DIRECTIONS: Set down, exactly as written, every line from the top of the records below to the line containing "Imagem de Estojo", both ends included, and no others.

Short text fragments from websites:
☆ ☆ ☆

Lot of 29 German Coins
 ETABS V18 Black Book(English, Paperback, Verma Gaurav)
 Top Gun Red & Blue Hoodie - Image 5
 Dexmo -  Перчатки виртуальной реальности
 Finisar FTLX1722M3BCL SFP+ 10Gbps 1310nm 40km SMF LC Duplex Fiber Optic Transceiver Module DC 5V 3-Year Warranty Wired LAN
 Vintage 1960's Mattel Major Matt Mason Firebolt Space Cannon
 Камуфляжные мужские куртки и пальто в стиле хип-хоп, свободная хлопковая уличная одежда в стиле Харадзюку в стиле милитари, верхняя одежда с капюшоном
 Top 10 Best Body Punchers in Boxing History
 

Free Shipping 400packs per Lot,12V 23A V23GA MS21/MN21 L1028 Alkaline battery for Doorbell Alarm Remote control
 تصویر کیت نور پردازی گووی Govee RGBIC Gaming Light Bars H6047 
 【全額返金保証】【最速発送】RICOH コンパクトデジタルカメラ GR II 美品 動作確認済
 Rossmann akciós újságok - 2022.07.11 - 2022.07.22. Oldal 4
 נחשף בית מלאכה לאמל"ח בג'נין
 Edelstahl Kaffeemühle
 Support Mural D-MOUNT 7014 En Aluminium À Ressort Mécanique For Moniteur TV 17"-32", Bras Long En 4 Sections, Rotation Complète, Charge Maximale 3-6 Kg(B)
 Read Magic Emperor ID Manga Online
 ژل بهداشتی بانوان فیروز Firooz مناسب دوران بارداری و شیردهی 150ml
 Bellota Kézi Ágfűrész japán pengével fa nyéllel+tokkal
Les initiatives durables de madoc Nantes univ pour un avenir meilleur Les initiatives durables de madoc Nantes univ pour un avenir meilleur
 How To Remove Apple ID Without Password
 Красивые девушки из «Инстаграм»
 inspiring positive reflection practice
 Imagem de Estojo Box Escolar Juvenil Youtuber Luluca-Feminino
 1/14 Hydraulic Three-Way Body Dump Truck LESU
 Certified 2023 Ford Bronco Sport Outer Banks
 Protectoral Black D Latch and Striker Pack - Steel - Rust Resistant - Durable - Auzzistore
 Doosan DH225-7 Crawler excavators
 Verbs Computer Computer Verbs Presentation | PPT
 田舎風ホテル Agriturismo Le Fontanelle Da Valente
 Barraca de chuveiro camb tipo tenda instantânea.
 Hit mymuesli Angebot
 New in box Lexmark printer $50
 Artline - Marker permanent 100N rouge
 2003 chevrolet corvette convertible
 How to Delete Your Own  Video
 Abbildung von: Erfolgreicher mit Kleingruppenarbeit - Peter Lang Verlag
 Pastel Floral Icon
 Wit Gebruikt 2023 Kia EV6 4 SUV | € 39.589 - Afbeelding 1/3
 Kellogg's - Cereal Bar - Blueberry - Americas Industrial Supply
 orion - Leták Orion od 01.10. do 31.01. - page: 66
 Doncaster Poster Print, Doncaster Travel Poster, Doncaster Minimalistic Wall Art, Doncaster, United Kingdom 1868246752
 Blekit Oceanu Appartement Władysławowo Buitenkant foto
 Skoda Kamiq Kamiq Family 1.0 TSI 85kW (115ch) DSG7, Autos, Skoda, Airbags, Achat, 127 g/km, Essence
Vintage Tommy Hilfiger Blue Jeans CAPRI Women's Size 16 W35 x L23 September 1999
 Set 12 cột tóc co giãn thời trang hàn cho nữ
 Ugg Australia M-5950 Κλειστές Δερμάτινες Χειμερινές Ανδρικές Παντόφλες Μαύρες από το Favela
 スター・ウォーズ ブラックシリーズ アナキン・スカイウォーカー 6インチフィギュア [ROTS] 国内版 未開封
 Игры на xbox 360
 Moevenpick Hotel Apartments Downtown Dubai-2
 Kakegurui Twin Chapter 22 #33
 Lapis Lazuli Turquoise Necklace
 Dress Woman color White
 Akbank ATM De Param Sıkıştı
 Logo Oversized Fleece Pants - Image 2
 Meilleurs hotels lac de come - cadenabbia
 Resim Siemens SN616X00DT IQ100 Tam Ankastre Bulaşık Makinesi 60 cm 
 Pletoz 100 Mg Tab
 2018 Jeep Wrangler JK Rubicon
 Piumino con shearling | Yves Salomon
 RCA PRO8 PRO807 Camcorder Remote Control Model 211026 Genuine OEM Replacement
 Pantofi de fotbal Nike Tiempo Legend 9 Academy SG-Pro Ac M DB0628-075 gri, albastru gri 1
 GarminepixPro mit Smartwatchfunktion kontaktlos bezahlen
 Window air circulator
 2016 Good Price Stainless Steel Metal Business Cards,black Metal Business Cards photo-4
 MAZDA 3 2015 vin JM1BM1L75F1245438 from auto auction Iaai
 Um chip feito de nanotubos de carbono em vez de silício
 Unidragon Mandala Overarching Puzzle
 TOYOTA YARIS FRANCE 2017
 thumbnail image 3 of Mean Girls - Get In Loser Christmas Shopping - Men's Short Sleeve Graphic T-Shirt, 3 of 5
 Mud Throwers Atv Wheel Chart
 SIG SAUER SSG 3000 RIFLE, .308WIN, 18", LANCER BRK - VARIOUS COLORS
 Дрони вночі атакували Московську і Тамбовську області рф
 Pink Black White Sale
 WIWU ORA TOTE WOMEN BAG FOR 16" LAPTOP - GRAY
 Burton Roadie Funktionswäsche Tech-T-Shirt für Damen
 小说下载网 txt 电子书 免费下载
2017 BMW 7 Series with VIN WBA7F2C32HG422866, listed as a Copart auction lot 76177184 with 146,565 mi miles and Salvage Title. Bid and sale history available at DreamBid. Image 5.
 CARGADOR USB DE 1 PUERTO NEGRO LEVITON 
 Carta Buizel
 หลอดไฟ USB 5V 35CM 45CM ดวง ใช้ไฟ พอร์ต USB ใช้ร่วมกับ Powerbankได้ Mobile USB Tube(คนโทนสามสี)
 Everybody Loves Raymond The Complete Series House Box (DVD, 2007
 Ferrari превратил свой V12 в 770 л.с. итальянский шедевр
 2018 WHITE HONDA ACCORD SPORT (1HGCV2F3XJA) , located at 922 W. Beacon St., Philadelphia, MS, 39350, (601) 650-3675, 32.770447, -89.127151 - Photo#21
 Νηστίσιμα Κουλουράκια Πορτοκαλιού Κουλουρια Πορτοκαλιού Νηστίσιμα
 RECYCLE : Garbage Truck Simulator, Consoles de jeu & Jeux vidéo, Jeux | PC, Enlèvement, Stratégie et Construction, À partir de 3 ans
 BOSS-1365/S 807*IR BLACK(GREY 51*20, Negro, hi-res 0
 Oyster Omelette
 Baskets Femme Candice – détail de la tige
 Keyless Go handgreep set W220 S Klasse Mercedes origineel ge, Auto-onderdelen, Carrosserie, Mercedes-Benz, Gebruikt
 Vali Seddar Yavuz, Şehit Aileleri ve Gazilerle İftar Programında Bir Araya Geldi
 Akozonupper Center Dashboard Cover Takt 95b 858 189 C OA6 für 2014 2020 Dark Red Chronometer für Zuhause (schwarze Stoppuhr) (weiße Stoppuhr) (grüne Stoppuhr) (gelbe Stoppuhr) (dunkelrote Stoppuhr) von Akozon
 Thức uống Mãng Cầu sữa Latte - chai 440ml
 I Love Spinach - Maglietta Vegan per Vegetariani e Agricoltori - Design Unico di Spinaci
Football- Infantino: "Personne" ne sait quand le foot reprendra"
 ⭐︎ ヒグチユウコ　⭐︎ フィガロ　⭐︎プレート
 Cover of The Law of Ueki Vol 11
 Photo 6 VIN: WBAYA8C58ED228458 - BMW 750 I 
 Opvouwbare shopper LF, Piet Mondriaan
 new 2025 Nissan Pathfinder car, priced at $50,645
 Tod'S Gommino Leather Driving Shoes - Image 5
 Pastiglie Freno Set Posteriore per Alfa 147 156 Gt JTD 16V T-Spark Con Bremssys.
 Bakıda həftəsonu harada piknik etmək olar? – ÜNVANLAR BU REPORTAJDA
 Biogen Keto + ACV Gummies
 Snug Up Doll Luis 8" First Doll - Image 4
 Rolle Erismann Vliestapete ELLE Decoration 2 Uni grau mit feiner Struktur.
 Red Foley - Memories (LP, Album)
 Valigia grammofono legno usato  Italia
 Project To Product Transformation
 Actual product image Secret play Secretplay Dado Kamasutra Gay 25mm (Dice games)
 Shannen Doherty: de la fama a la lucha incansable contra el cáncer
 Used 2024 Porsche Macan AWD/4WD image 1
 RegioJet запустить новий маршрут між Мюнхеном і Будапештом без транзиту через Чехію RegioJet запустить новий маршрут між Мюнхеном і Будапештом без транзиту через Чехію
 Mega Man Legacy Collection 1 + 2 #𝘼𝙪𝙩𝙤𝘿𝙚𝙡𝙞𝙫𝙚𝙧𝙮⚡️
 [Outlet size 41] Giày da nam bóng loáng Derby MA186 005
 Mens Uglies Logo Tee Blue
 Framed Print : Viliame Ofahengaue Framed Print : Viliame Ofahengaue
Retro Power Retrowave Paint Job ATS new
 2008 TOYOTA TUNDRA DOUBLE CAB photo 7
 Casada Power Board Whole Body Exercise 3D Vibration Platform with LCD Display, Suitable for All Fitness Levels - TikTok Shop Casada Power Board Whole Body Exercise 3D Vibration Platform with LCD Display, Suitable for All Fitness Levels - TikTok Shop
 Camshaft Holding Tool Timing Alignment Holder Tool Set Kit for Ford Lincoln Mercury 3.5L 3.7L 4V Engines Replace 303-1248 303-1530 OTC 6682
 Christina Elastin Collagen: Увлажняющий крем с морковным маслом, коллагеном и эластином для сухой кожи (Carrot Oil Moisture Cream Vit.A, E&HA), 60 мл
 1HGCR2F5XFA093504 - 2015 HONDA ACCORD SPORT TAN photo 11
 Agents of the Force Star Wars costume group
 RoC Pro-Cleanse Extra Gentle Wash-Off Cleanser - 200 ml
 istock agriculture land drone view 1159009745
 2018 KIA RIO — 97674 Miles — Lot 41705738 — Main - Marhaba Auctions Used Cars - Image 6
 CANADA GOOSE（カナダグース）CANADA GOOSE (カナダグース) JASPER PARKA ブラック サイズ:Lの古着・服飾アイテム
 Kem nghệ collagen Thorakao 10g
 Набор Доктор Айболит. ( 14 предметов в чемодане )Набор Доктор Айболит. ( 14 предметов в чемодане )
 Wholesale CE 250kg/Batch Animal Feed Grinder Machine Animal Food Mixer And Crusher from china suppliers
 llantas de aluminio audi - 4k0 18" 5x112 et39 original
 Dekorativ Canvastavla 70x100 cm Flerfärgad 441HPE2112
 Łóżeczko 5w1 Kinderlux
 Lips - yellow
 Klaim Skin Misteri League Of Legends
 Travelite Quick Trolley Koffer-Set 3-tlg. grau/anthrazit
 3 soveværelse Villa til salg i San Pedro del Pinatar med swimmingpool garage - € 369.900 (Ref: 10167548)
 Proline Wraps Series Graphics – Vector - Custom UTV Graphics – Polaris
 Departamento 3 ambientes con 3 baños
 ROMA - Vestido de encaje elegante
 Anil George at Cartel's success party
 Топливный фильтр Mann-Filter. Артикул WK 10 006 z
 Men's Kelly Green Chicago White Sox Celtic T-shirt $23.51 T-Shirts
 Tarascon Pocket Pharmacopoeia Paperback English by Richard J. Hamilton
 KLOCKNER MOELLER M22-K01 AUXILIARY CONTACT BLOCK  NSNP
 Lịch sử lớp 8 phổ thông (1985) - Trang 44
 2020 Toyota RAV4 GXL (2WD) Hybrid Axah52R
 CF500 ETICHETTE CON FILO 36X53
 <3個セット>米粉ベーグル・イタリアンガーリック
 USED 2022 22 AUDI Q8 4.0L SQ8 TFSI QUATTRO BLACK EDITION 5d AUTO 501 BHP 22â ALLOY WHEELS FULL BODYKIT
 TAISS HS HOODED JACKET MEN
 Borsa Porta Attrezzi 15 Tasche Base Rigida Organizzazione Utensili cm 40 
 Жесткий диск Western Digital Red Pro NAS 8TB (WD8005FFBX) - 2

☆ ☆ ☆

TASK RESPONSE:
Lot of 29 German Coins
 ETABS V18 Black Book(English, Paperback, Verma Gaurav)
 Top Gun Red & Blue Hoodie - Image 5
 Dexmo -  Перчатки виртуальной реальности
 Finisar FTLX1722M3BCL SFP+ 10Gbps 1310nm 40km SMF LC Duplex Fiber Optic Transceiver Module DC 5V 3-Year Warranty Wired LAN
 Vintage 1960's Mattel Major Matt Mason Firebolt Space Cannon
 Камуфляжные мужские куртки и пальто в стиле хип-хоп, свободная хлопковая уличная одежда в стиле Харадзюку в стиле милитари, верхняя одежда с капюшоном
 Top 10 Best Body Punchers in Boxing History
 

Free Shipping 400packs per Lot,12V 23A V23GA MS21/MN21 L1028 Alkaline battery for Doorbell Alarm Remote control
 تصویر کیت نور پردازی گووی Govee RGBIC Gaming Light Bars H6047 
 【全額返金保証】【最速発送】RICOH コンパクトデジタルカメラ GR II 美品 動作確認済
 Rossmann akciós újságok - 2022.07.11 - 2022.07.22. Oldal 4
 נחשף בית מלאכה לאמל"ח בג'נין
 Edelstahl Kaffeemühle
 Support Mural D-MOUNT 7014 En Aluminium À Ressort Mécanique For Moniteur TV 17"-32", Bras Long En 4 Sections, Rotation Complète, Charge Maximale 3-6 Kg(B)
 Read Magic Emperor ID Manga Online
 ژل بهداشتی بانوان فیروز Firooz مناسب دوران بارداری و شیردهی 150ml
 Bellota Kézi Ágfűrész japán pengével fa nyéllel+tokkal
Les initiatives durables de madoc Nantes univ pour un avenir meilleur Les initiatives durables de madoc Nantes univ pour un avenir meilleur
 How To Remove Apple ID Without Password
 Красивые девушки из «Инстаграм»
 inspiring positive reflection practice
 Imagem de Estojo Box Escolar Juvenil Youtuber Luluca-Feminino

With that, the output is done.